Essar Oil will focus on reducing debt in the ensuing quarters. L.K Gupta, the company’s managing director and CEO told CNBC-TV18 the net debt burden has gone up by about seven percent, QoQ to Rs 15,000 in the September quarter.
Gupta further said that the company had borrowed funds for partly paying sales tax obligation which it had to the Gujarat government and partially will be toward working capital requirement.
He further said going forward the company's EBITDA performance will improve on the back improved efficiencies.
The company has recently reported a net profit of Rs 105 crore for the September quarter as against Rs 166 crore loss, YoY. Net sales of the company grew 62% to Rs 20,963 crore, YoY on improved volumes.
Below is the edited transcript of Gupta's interview with CNBC-TV18.
Q: Can you tell us what led to GRM of around USD 7.9 per barrel? What is your guidance for the remaining part of the fiscal?
A: This second was the first quarter after we have completed optimization and expansion projects. Optimization was completed in June four months ahead of schedule. This is the first quarter where our capacity and complexity got fully reflected. We produced almost 5.07 million tonne of throughput in this quarter reflecting 20 million tonne capacity. The use of ultra heavy crude has gone up almost 4 times.
In this quarter it was 64 percent versus 15 percent in the corresponding quarter. Despite that we produce 82 percent middle and light distillates in our product slate as against 72 percent. So, a combination of all this reflected in higher margins. Also, domestic sales in this quarter were almost 70 percent versus 55-56 percent in the corresponding quarter.
Q: Your coal-based power plant at Vadinar has become operational, how much more do you think your GRMs could improve by the end of FY13?
A: The coal based power plant has become fully operational on November 9. This quarter should see the complete reflection of the coal-based power plants. The middle distillates cracks are also at a very healthy level.
Based on the old methodology of International Energy Agency (IEA), our GRMs should be always about USD 7-8, ahead of that.
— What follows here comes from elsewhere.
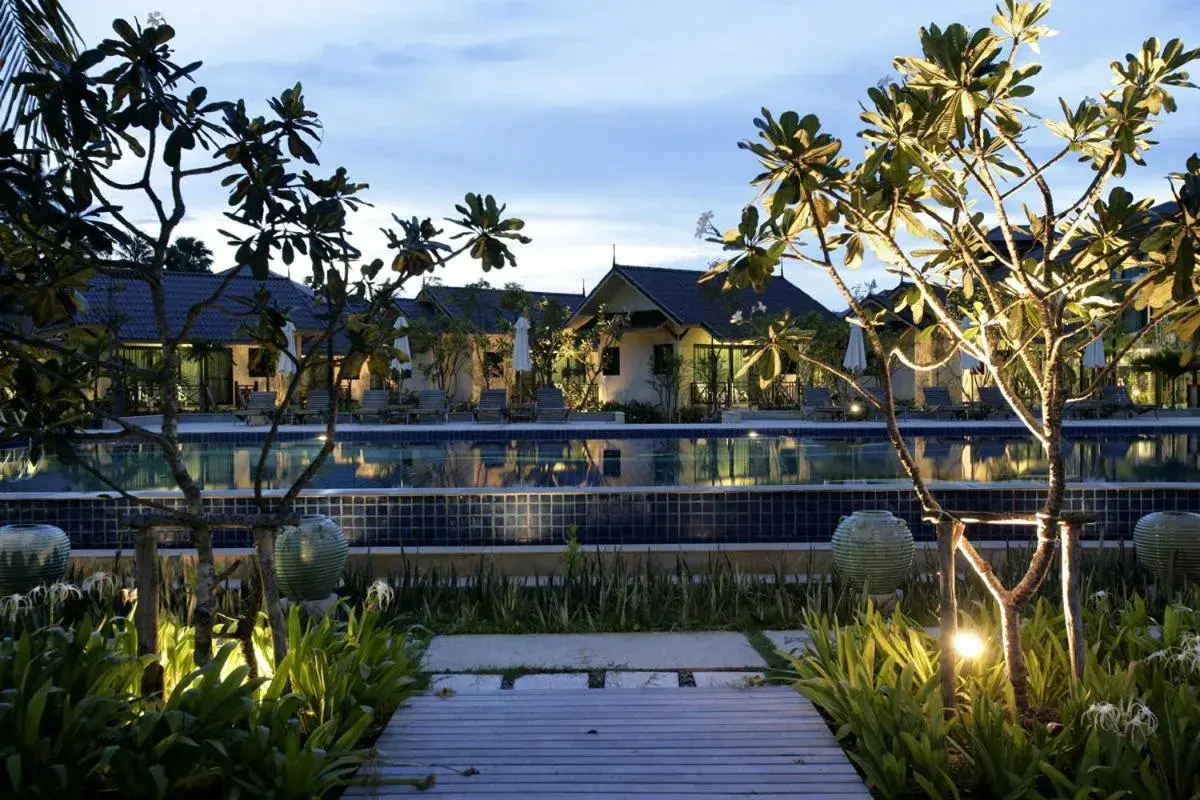 Villa with Sea View in Kuiburi Hotel & Resort Villa with Sea View in Kuiburi Hotel & Resort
Today the IEA margins are about USD 1-2. So going forward, if one takes USD 1-2 and USD 7-8 over and above it, one can calculate the likely margin.
Q: Could you give us some guidance with regards to what the debt burden would look like at this point in time and what would be the company’s guidance with regards to reducing the debt burden, hence what would the interest cost look like for the second half of the fiscal?
A: The debt burden of the company was about Rs 14,000 crore and in this quarter it has gone up by about Rs 1,000 crore. We have borrowed for paying the sales tax. Rest is all for working capital. Interest is about Rs 700 crore, which includes not only interest on term loans, but working capital and also hedging cost.
We are now 20 million tonne refinery with almost 11.8 complexity and if one considers the margins I talked about, we are going to look ahead for a substantial amount of EBITDA. With that, our total focus is going to be on debt reduction, correcting leverage.
Q: Some analysts expect your EBITDA and FY13 to reach about Rs 3,880 crore, is that too aggressive an estimate or because of the reasons you alluded to your EBITDA figure could get to that ballpark figure for around Rs 3,800 crore or so?
A: In this quarter we had a current price gross refining margin (CPGRM) of about 7.86. With complete reflection of the coal-based power plant in this quarter, so the next quarter is going to be all benefits. We should be very close to that number.